Segment Open

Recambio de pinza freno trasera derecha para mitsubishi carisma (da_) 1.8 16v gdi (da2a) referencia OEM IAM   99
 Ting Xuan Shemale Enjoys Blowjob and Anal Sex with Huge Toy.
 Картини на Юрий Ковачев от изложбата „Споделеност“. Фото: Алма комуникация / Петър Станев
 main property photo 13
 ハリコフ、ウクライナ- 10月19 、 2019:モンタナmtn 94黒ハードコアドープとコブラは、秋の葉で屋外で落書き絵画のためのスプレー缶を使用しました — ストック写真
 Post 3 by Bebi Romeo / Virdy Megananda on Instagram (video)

Segment Closed
Segment Open

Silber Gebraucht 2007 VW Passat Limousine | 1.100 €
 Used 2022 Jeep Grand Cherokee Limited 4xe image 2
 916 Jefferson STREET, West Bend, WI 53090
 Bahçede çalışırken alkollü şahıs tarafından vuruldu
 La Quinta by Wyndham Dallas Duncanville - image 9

Segment Closed
Segment Open

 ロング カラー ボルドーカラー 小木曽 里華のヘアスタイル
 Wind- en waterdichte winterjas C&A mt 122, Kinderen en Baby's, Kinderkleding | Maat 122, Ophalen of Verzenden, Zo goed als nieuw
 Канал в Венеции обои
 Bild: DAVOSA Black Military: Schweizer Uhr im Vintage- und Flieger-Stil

Segment Closed

#### WHAT YOU SHOULD DO:
Copy out, exactly and alone, the lines of the entries above between the ones holding "Ting Xuan Shemale" and "ハリコフ、ウクライナ- 10月19 、", inclusive.

#### SOLUTION:
 Ting Xuan Shemale Enjoys Blowjob and Anal Sex with Huge Toy.
 Картини на Юрий Ковачев от изложбата „Споделеност“. Фото: Алма комуникация / Петър Станев
 main property photo 13
 ハリコフ、ウクライナ- 10月19 、 2019:モンタナmtn 94黒ハードコアドープとコブラは、秋の葉で屋外で落書き絵画のためのスプレー缶を使用しました — ストック写真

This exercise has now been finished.